Web page caption snippets:
------------------------------------
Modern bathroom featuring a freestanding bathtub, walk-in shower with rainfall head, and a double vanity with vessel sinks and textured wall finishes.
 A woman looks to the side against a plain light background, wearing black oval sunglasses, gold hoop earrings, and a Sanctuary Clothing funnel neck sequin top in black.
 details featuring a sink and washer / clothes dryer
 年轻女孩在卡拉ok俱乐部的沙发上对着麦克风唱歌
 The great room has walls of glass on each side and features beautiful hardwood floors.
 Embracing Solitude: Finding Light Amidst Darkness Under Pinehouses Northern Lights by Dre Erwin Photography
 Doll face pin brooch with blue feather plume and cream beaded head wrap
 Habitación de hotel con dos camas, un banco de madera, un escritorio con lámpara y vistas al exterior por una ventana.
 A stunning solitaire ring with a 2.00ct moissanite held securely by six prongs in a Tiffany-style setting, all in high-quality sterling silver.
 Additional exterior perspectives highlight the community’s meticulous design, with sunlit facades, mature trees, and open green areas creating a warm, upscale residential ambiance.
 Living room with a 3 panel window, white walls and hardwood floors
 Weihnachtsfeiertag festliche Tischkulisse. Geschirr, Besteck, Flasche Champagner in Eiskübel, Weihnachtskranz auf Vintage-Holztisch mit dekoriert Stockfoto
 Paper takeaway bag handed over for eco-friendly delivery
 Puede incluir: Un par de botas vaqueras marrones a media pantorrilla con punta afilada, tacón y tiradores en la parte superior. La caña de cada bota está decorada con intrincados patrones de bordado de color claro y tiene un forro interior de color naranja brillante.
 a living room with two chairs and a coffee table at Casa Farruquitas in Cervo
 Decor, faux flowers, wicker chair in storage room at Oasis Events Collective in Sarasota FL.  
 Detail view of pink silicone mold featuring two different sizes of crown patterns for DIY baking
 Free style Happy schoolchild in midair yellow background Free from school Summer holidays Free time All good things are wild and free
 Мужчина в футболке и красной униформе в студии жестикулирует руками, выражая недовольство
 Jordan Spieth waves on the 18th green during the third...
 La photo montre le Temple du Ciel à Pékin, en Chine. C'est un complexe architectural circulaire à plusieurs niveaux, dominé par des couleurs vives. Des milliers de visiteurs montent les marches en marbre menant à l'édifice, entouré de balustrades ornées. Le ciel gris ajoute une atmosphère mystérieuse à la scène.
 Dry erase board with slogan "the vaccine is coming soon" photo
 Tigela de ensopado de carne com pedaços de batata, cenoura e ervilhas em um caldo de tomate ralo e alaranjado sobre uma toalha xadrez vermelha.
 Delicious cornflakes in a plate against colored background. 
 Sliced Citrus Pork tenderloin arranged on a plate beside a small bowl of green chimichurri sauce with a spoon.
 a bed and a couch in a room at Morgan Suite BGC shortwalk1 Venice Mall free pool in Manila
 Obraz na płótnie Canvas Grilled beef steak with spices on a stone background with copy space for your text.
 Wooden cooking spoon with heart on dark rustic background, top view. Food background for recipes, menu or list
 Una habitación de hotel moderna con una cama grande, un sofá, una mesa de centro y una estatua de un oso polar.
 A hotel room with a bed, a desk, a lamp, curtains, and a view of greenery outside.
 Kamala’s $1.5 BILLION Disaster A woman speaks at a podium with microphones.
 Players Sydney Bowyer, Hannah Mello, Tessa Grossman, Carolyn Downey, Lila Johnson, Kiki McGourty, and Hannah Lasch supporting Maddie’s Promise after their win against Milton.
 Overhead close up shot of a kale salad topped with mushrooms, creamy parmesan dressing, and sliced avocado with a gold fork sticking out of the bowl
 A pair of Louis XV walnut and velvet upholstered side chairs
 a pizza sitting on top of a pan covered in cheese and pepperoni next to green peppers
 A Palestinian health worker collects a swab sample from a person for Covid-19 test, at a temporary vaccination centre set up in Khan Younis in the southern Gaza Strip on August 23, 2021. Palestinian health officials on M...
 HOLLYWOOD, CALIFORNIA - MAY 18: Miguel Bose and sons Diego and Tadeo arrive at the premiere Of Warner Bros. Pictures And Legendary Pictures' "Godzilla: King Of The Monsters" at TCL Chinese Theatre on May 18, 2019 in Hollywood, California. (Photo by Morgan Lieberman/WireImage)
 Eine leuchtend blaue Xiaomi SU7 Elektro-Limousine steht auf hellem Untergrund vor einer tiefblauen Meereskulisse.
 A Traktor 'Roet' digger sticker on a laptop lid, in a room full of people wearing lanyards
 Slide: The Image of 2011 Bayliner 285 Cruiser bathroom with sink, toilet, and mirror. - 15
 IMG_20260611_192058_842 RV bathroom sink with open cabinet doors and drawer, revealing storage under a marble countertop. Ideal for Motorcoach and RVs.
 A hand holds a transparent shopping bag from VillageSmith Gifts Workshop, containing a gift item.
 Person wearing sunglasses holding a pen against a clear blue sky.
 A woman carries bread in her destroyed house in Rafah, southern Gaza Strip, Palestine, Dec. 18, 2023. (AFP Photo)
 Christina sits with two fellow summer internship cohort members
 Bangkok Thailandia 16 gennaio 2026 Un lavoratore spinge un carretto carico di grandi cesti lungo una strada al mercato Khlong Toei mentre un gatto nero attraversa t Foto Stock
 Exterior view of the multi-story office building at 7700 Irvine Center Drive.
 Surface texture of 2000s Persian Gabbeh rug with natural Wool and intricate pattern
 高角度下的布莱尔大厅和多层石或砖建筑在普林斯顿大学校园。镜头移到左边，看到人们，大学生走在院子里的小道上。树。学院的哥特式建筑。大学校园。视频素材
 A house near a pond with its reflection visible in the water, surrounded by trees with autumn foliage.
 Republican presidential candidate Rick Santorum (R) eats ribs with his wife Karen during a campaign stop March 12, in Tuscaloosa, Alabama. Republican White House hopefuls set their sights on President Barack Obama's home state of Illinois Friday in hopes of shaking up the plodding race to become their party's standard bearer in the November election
------------------------------------
__WHAT NEEDS TO BE DONE__
Using the records above, select and copy every line that has the word "floors".

__REPLY__
 The great room has walls of glass on each side and features beautiful hardwood floors.
 Living room with a 3 panel window, white walls and hardwood floors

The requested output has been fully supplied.